The European Commission has published its annual report for 2015 of plant health interceptions carried out by EU Member States.  The data is collated from the monthly EUROPHYT on which FPC reports to members.

In 2015 there was a total of 7,180 notifications of consignments with non-conformities, indicating a slight increase from 2014.  Of these, some 6,762 were from third countries.

A total of 2,136 notifications were due to the presence of harmful organisms, down from 2,408 in 2014. Non-compliance of wood packaging material with international phytosanitary requirements and documentary problems increased during 2015, up 30% from 1,999 and 1.4% from 1,780, respectively.

Seven countries were responsible for the majority of interceptions with harmful organisms during 2015, each having more than 90 interceptions: Ghana, Uganda, Laos, Bangladesh, Kenya, Uruguay and Thailand.

Seven commodities accounted for 68.9% of the interceptions on fruit and vegetables: peppers, citrus, mango, aubergine, basil, bitter gourds and serpent gourds.

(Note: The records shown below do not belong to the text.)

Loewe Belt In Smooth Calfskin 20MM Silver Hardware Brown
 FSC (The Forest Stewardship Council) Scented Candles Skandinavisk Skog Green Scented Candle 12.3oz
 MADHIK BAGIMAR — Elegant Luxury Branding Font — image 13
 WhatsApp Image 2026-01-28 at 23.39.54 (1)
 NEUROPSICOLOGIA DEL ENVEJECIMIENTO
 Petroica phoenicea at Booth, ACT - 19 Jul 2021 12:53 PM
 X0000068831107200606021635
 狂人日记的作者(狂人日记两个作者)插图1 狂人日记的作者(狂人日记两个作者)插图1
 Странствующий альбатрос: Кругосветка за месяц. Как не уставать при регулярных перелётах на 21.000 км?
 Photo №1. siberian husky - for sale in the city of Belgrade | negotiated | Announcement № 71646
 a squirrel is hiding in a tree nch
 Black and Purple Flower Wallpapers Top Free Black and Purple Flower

Infestations with non-European fruit flies and white flies were the most common.

Capsicum and citrus spp. both recorded a marked increase in interceptions, mostly attributable to high number of False Codling Moth interceptions, exclusively from Africa, due to the change in its regulatory status (on Capsicum) and an acute spike in interceptions of Citrus Black Spot from Uruguay.

With regard to cut flowers the most important commodities in 2015 in terms of interceptions were (in descending order): orchards, Rose spp., Gypsophila spp, Solidago spp, Eryngium spp. and Chrysanthemum spp. Leaf miners, Spodoptera spp..  Thrips spp. and Bemisia spp. continued to be the most prominent intercepted pests on cut flowers (primarily from Thailand, Israel and Morocco).